Back in the days of hot metal in old Fleet Street, there were alleged to be a whole series of practices, which were not allowed for in contracts of service. They were known as Spanish practices or Spanish customs, such as false names on worksheets and payments for a day's work when half an hour had actually been worked.
New heads sometimes find that there are various practices and interpretations of agreements that have crept into use in the school they take over. When they question them, they are told it is custom and practice in this school or local authority.
So what status does custom and practice have? The cynical lawyer's saying goes: "Custom and practice is the last refuge of a scoundrel when no better arguments are to hand."
The fundamental basis for the relationship between the employer and employee is the signed contract. For teachers in maintained schools, this will incorporate the statutory School Teachers' Pay and Conditions Document and agreements explicitly incorporated in it, and usually the Burgundy Book agreement, which defines areas such as resignation dates. Staff covered by transfer of undertakings (Tupe) retain those conditions of service unless they agree to change them or until changes can no longer be considered to be "related to the transfer".

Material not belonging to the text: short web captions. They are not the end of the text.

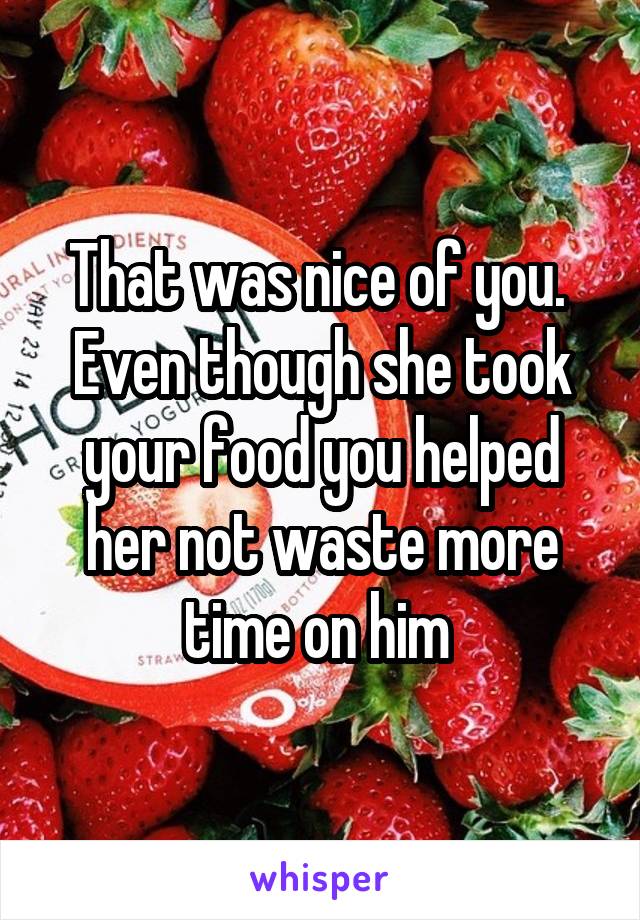 That was nice of you.  Even though she took your food you helped her not waste more time on him 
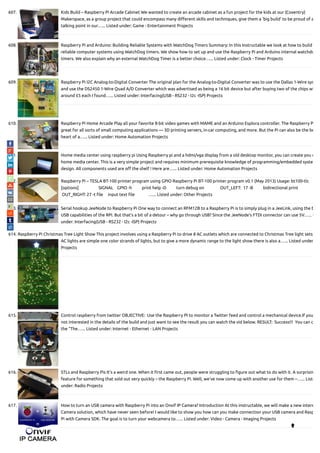 607. Kids Build – Raspberry Pi Arcade Cabinet We wanted to create an arcade cabinet as a fun project for the kids at our (Coventry)
Makerspace, as a group project that could encompass many di erent skills and techniques, give them a 'big build' to be proud of a
talking point in our…... Listed under: Game - Entertainment Projects
608. Raspberry Pi and Arduino: Building Reliable Systems with WatchDog Timers Summary: In this Instructable we look at how to build
reliable computer systems using WatchDog timers. We show how to set up and use the Raspberry Pi and Arduino internal watchdo
timers. We also explain why an external WatchDog Timer is a better choice…... Listed under: Clock - Timer Projects
609. Raspberry Pi I2C Analog-to-Digital Converter The original plan for the Analog-to-Digital Converter was to use the Dallas 1-Wire sys
and use the DS2450 1-Wire Quad A/D Converter which was advertised as being a 16 bit device but after buying two of the chips wh
around £5 each I found…... Listed under: Interfacing(USB - RS232 - I2c -ISP) Projects
610. Raspberry Pi Home Arcade Play all your favorite 8-bit video games with MAME and an Arduino Esplora controller. The Raspberry P
great for all sorts of small computing applications — 3D printing servers, in-car computing, and more. But the Pi can also be the be
heart of a…... Listed under: Home Automation Projects
611. Home media center using raspberry pi Using Raspberry pi and a hdmi/vga display from a old desktop monitor, you can create you o
home media center. This is a very simple project and requires minimum prerequisite knowledge of programming/embedded syste
design. All components used are o the shelf ! Here are…... Listed under: Home Automation Projects
612. Raspberry Pi – TESLA BT-100 printer program using GPIO Raspberry Pi BT-100 printer program v0.1 (May 2013) Usage: bt100-tlc
[options]                    SIGNAL    GPIO -h          print help -D          turn debug on                OUT_LEFT:  17 -B          bidirectional print              
 OUT_RIGHT: 27 -t le     input text le              …... Listed under: Other Projects
613. Serial hookup JeeNode to Raspberry Pi One way to connect an RFM12B to a Raspberry Pi is to simply plug in a JeeLink, using the b
USB capabilities of the RPi. But that’s a bit of a detour – why go through USB? Since the JeeNode’s FTDI connector can use 5V…... L
under: Interfacing(USB - RS232 - I2c -ISP) Projects
614. Raspberry Pi Christmas Tree Light Show This project involves using a Raspberry Pi to drive 8 AC outlets which are connected to Christmas Tree light sets.
AC lights are simple one color strands of lights, but to give a more dynamic range to the light show there is also a…... Listed under
Projects
615. Control raspberry from twitter OBJECTIVE:  Use the Raspberry PI to monitor a Twitter feed and control a mechanical device.If you
not interested in the details of the build and just want to see the result you can watch the vid below. RESULT:  Success!!!  You can c
the "The…... Listed under: Internet - Ethernet - LAN Projects
616. STLs and Raspberry Pis It’s a weird one. When it rst came out, people were struggling to gure out what to do with it. A surprisin
feature for something that sold out very quickly – the Raspberry Pi. Well, we’ve now come up with another use for them –…... Liste
under: Radio Projects
617. How to turn an USB camera with Raspberry Pi into an Onvif IP Camera? Introduction At this instructable, we will make a new intere
Camera solution, which have never seen before! I would like to show you how can you make connection your USB camera and Rasp
Pi with Camera SDK. The goal is to turn your webcamera to…... Listed under: Video - Camera - Imaging Projects


Custom and practice, rather like a footpath, is established by long and regular use, to the point that it can be assumed to be included in the contract. The rule of thumb is that it must be certain (it always happens), notorious (everyone knows about it), and reasonable. If these do not apply, it is not part of the contract. Moreover, these practices can be changed (although consultation may be needed). A head should consult the school's HR adviser, but she should not be prevented by a slogan from making a necessary change.
Richard Bird, Legal consultant to the Association of School and College Leaders.